I completely agree with @Steve_O, so I won’t repeat what he’s already mentioned.

Yes, you might be overthinking it, and no, I don’t think there’s a one-size-fits-all answer to your questions. The main concerns, in my opinion, are the type of jobs you’ll be applying for (as Steve mentioned) and being absolutely clear about your role in each project.

It’s always nice to credit collaborators, and in your situation, it’s especially important since there’s a lack of clear distinction between where your work begins and another leaves off. Personally, I’d likely leave out anything that’s roughly less than 50% yours, but even that’s fuzzy since your, say, 10% contribution, might have make 90% of the difference.

If you plan on pursuing a job more focused on design than prepress work, as Steve said, the art director will be less concerned about those skills and more concerned about your design work. Even so, you can use your experience in problem solving to your advantage. If you’re interviewing with a good art or creative director, that person will know how important those skills are and how they’re so often lacking in so many newer designers.

Every interview situation is different, and your presentation needs to be tailored to the specifics of the situation. As far as your portfolio goes, don’t overthink it — the people looking at it will make snap judgments, and if the portfolio is broken down into multiple sections that require a learning curve (no matter how short) to figure out and understand, that will work against you.

As I mentioned, be absolutely clear about what work is yours and what isn’t, but keep it simple.

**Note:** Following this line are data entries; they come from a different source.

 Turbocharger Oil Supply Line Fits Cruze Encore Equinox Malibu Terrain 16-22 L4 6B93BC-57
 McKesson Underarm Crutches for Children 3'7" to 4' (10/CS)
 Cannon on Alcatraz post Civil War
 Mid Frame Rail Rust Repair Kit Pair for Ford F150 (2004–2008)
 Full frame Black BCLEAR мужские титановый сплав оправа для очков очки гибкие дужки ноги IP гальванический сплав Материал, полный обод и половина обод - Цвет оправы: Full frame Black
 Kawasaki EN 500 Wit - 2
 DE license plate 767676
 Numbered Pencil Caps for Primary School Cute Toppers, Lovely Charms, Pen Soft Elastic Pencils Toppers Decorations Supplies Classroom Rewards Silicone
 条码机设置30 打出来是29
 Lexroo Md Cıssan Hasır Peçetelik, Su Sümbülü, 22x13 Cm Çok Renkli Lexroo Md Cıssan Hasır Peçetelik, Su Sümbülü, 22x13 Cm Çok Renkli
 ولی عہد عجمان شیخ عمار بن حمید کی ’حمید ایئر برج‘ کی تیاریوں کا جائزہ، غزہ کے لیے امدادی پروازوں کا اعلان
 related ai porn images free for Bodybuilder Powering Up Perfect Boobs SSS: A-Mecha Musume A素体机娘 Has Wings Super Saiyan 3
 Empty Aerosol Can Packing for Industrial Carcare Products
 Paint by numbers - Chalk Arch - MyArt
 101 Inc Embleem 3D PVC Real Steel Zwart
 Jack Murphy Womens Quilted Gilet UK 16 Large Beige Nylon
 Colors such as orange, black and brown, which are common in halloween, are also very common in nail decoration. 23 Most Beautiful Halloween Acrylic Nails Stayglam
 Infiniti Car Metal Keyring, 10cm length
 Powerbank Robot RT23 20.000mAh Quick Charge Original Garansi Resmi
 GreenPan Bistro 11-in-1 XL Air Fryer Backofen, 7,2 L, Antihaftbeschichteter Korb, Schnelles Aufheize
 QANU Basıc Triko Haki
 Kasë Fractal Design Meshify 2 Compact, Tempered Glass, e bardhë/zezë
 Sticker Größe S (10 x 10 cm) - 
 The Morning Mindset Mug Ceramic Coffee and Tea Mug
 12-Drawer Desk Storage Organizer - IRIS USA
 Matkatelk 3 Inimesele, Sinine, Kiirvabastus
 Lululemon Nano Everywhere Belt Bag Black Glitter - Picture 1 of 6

If it works best to divide things up, fine, but keep it straightforward and clear. And as I mentioned, if you’ll be looking for more design-related work, stress your design abilities, but also make it clear that you have the additional skills that come from regularly working with (and fixing) other people’s work and collaborating with them to produce something better. These are important skills for anyone — especially junior or mid-level designers.